La manifestation «anti-FARC» du 4 février dernier
relève, il faut le savoir, de la «guerre
psychologique» menée par le gouvernement d’Alvaro
Uribe. Elle a été lancée en janvier 2008 par un
site internet ­(Facebook.com), dont la direction est formée
de trois «néoconservateurs» états-uniens5.

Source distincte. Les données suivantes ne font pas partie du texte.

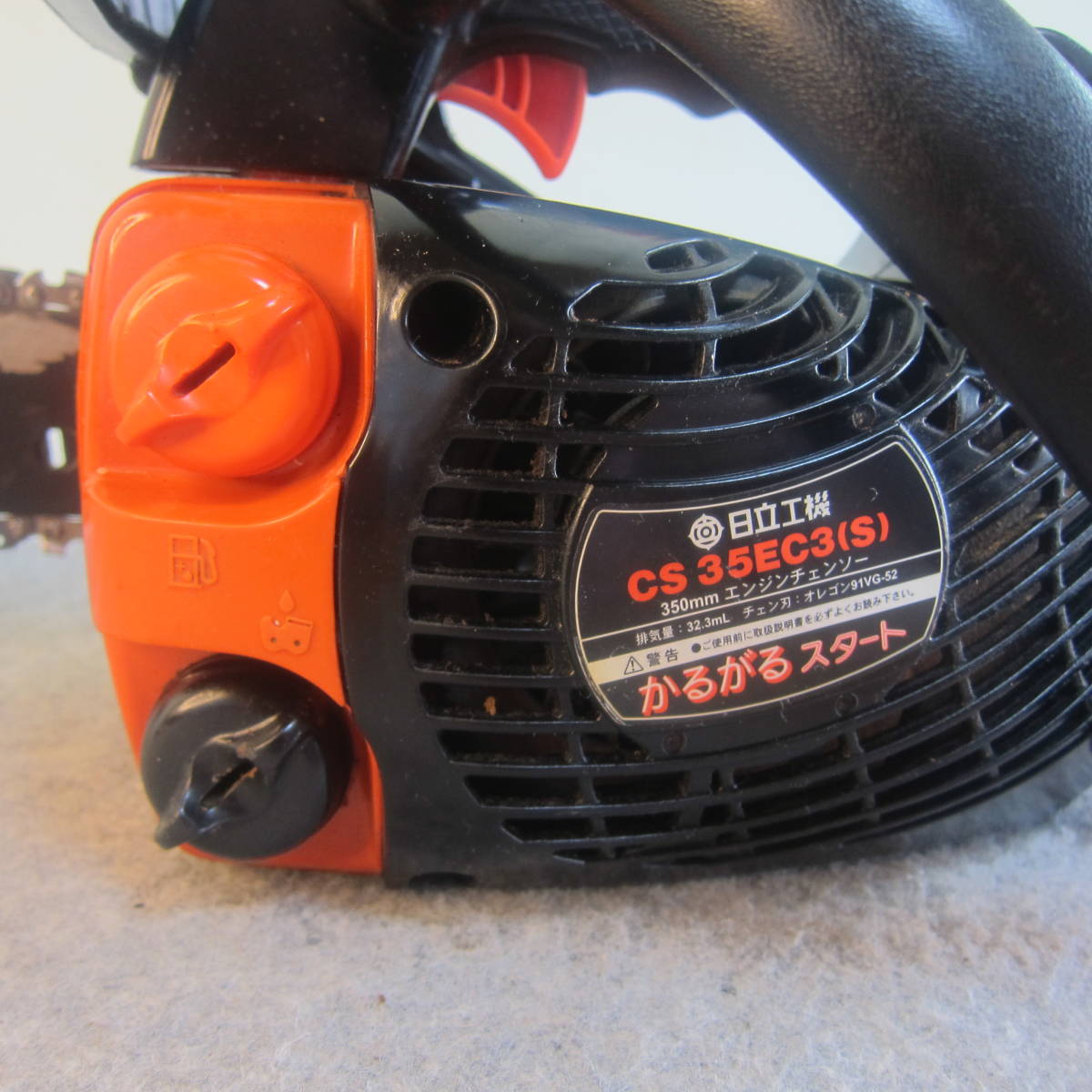 日立工機 350mmエンジンチェンソー CS35EC3(S) 取扱説明書他付 日立工機 350mmエンジンチェンソー CS35EC3(S) 取扱説明書他付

Ces manifestations ont eu lieu dans plus de 50 villes colombiennes,
ainsi qu’à l’étranger, avec l’appui de
la classe dirigeante… y compris des chefs paramilitaires! Le 4
février, des organisations sociales, syndicales et de
défense des droits humains, ainsi que la coalition de gauche
«Pôle démocratique alternatif», ont
organisé à Bogota un rassemblement «pour
l’accord humanitaire, non à la guerre et aux
séquestrations». Les familles de militaires et policiers
prisonniers de la guérilla n’ont pas participé
à la marche officielle6.

Légitimité de la lutte armée

Le 6 mars, le mouvement national des victimes des crimes d’Etat
organise une marche contre le militarisme. Les organisateurs et
organisatrices ont rappelé le lourd bilan du conflit:
15 000 disparu-e-s, 1700 indigènes, 2550 syndicalistes et
5000 membres d’«Union Patriotica» assassinés,
ainsi que 4 millions de personnes déplacées. «Les
politiques de ‘lutte antiterroriste la stratégie
officielle de ‘sécurité démocratique’
légalisent le pouvoir mafieux en Colombie, une menace pour les
forces sociales et démocratiques qui veulent une transformation
réelle de notre pays»7.

Ce constat explique que des secteurs du peuple colombien aient pris les
armes contre l’oligarchie en place et ne croient pas à la
«démocratie paramilitarisée» d’Alvaro
Uribe8. Seule, une solution politique pourrait permettre
d’en finir avec la logique de guerre. Or, le gouvernement
colombien privilégie la «solution militaire», la
Colombie ayant été de surcroit transformée depuis
plusieurs années en porte-avions yankee contre la
révolution bolivarienne au Venezuela et en Equateur.

Hans-Peter Renk

1   
Fernand Meunier, Périples en Colombie, des Caraïbes
à l’Amazonie. Paris, Ed. Claude Müller, Amnesty
International, 2006.
2    Hernando Calvo Ospina, «Aux frontières
du plan Colombie», Le Monde diplomatique, février 2005.
3    Hernando Calvo Ospina, «Les relents
narco-paramilitaires du président Uribe» (avril 2007), http://risal.collectifs.net/spip.php?article2151.
4    Javier Giraldo, «L’avenir de la
Colombie: une domination des paramilitaires en
‘costume-cravate» (novembre 2007),
http://risal.collectifs.net/spip.php?article2092.
5    Pascual Serrano & German Leyens,
«Quién es detras de Facebook, el portal desde el que
surgió la movilización internacional contra las
FARC», www.rebelion.org/noticia.php?id=62959.
6    Sources: http://www.semana.com (Revista Semana, Bogota, 1.2.2008).
7    «Convocada une marcha contra la actuación de grupos paramilitares», www.rebelion.org./noticia.php?id-62957.